Translation: you can’t scrape your way to a generalist manipulation policy. Somebody has to physically do the tasks, instrumented, millions of times. Whoever can stand up that pipeline cheapest and broadest gets the better model.

That reframes the recent hardware milestones. A factory churning out humanoids per hour is impressive, but a robot with no diverse, task-specific data is an expensive mannequin. The deployments and the data harvest are the same project: every instrumented worker and every robot on a training floor is a data-generation node.

The throughput math

China’s approach is essentially to convert labor into demonstrations at volume. People’s Daily (April 28) reported that at the Shijingshan training center — a facility over 10,000 square meters — 100 humanoid robots began training in October 2025, with each robot generating about four hours of training data per day. At a two-minute sampling interval, the operator says 100 robots can complete at least 12,000 data-collection tasks per day, on chores like folding clothes, sorting parcels, scanning barcodes, and opening locks.

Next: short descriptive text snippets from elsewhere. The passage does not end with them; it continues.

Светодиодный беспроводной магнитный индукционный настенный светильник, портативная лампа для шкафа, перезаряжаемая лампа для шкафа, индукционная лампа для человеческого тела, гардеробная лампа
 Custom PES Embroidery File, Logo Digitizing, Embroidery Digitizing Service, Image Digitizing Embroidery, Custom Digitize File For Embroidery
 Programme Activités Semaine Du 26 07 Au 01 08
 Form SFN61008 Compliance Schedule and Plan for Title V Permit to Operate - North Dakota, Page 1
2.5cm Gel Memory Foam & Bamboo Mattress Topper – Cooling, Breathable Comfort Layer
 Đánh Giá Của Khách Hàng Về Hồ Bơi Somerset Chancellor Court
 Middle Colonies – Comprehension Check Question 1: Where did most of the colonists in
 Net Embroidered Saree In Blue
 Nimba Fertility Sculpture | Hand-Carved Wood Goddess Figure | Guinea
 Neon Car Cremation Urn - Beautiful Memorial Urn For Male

Stacked up, the two collection modes look like this:

Source	Operator	Rate / scale	Cost signal
Home video (egocentric)	Resident, head camera	~6 hrs/day per person	~$3/hr labor; ~$22 per 3-hr robot home visit
Factory capture	Line worker + wrist sensors	Continuous during shift	Layered onto existing wages
Robot training floor	100 robots, instrumented	~4 hrs/robot/day; ~12,000 tasks/day	Fixed facility (10,000+ m²)
Program target (JD, Suqian)	100k internal + 500k external	10M hrs over 2 yrs (5M human-video yr 1)	Subsidized, gov-partnered

The numbers come from different operators and shouldn’t be summed into one clean total, but the direction is unambiguous: human-video data is being treated as a commodity input, priced near minimum-wage labor, and produced in parallel by hundreds of thousands of people.

Practitioner note

If I were building anything that touches manipulation, I’d stop treating data collection as a footnote to the model. A few things I’d actually do:

Budget for data like it’s the main line item, not the model. The cheap, scalable signal here is egocentric human video (head-cam, first-person hands), not lab teleoperation. If you’re paying for clean teleop demos exclusively, you’re paying retail while others buy wholesale.
Design for the cross-embodiment gap up front. Human-hand video and a specific gripper are not the same morphology. The teams winning will be the ones with a retargeting/adaptation layer that turns “human folds a shirt” into “this robot folds a shirt.” Bake that into the data schema (sync timestamps, force where you can get it, consistent camera intrinsics) from day one.
Don’t assume hours equal capability. Ten million hours of someone cooking dinner is not ten million hours of your task. I’d weight a small, tightly-scoped, well-labeled set for the exact deployment over a giant generic dump, and treat the generic corpus as pretraining only.
Watch the consent and provenance angle. Video of people in their homes is the asset. If you ship a product trained on it, you want clean licensing and provenance now, not a discovery problem later.

Under-considered angle

Everyone is debating synthetic data versus real data. The under-discussed variable is who owns the labor pipeline. The reason this is concentrating in one place isn’t a model breakthrough — it’s that you can stand up a “data-collection neighborhood,” subsidize it with local government, and pay people a few dollars an hour to instrument their daily lives. That’s an industrial-policy and logistics advantage, not an algorithmic one, and it’s much harder for a Western startup to replicate at price than another transformer architecture is.

The second-order risk: a generation of generalist robot policies could end up disproportionately trained on one country’s homes, kitchens, factories, and store layouts. That bakes in distributional bias — a robot that’s seen a million Chinese apartments and very few American or European ones may quietly underperform the moment it’s deployed elsewhere, and nobody will see it in a benchmark number. For builders outside that pipeline, the move isn’t to out-spend the human-video harvest. It’s to own a narrow, high-quality, locally-grounded dataset for the exact environment you ship into — and to make sure the foundation model you fine-tune on isn’t silently importing someone else’s living room as the prior.